The provided text is a 510(k) summary for a dental implant abutment, not a description of a device that uses AI or machine learning. Therefore, the questions about acceptance criteria, study details, and performance metrics for an AI/ML device cannot be answered from the provided text.

The document states that the device is "substantially equivalent in indications and design principles to predicate devices." This substantial equivalence is the primary "acceptance criterion" described, implying that its performance is implicitly accepted if it is similar to already approved predicate devices.
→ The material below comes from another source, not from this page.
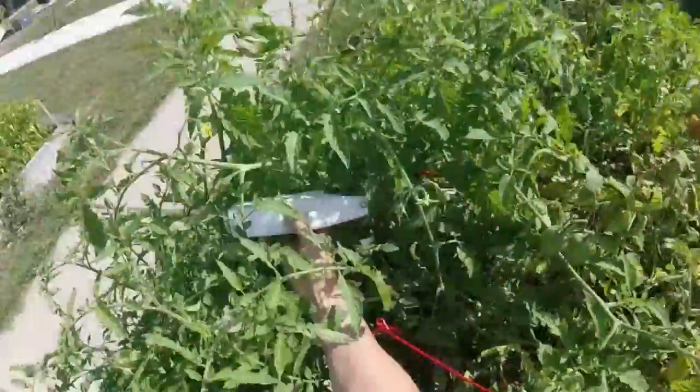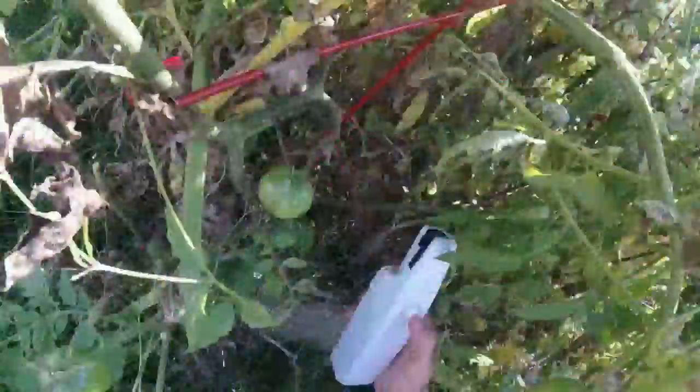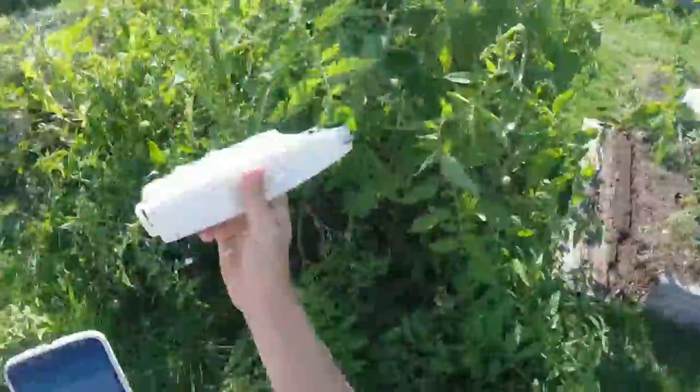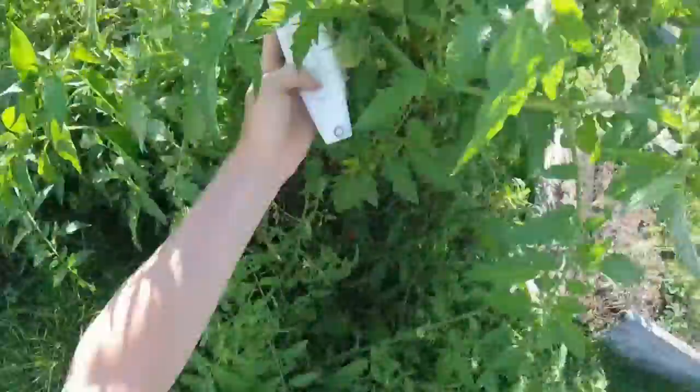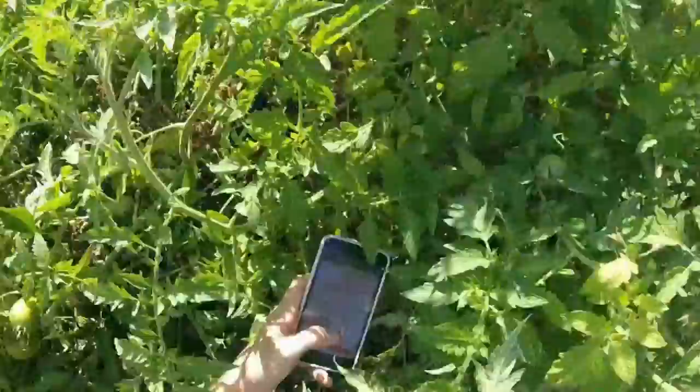While it's loading, this is me collecting a few more data points from two tomato plants so we would have something to play with.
No specific quantitative performance metrics or studies proving those metrics are provided.

Here's an attempted breakdown based on the information available, emphasizing what is not present:

1. A table of acceptance criteria and the reported device performance

   • Acceptance Criteria: The primary acceptance criterion for the 510(k) pathway is demonstrating "substantial equivalence" to a legally marketed predicate device. This means the device has the same intended use and the same technological characteristics as the predicate, or, if it has different technological characteristics, the differences do not raise new questions of safety and effectiveness.
   • Reported Device Performance: No specific performance metrics (e.g., accuracy, sensitivity, specificity, AUC) are reported for the TDS Titanium Abutment. The document states it is made of "Ti-6A1-4V ELI titanium" and is compatible with certain implant systems. This implies its mechanical and biocompatibility performance is considered equivalent to similar titanium abutments already on the market.

2. Sample size used for the test set and the data provenance (e.g., country of origin of the data, retrospective or prospective)

   • Not applicable. This device is a mechanical component (dental abutment), not an AI/ML diagnostic tool. There is no "test set" in the context of AI/ML evaluation. Performance is typically assessed through engineering design verification and validation (e.g., mechanical testing, biocompatibility studies), but details of these studies are not provided in this 510(k) summary.

3. Number of experts used to establish the ground truth for the test set and the qualifications of those experts (e.g., radiologist with 10 years of experience)

   • Not applicable. This is not an AI/ML diagnostic device requiring expert ground truth for a test set.

4. Adjudication method (e.g., 2+1, 3+1, none) for the test set

   • Not applicable.

5. If a multi reader multi case (MRMC) comparative effectiveness study was done, If so, what was the effect size of how much human readers improve with AI vs without AI assistance

   • Not applicable. This is a medical device (dental abutment), not an AI assistance tool for human readers.

6. If a standalone (i.e. algorithm only without human-in-the-loop performance) was done

   • Not applicable. This is not an algorithm.

7. The type of ground truth used (expert consensus, pathology, outcomes data, etc)

   • Not applicable in the AI/ML sense. For a mechanical device, "ground truth" might refer to fundamental engineering principles, material properties, and established biological responses to materials (biocompatibility). The manufacturer would rely on standards for material composition (Ti-6A1-4V ELI titanium) and mechanical properties for dental applications.

8. The sample size for the training set

   • Not applicable. This is not an AI/ML device.

9. How the ground truth for the training set was established

   • Not applicable. This is not an AI/ML device.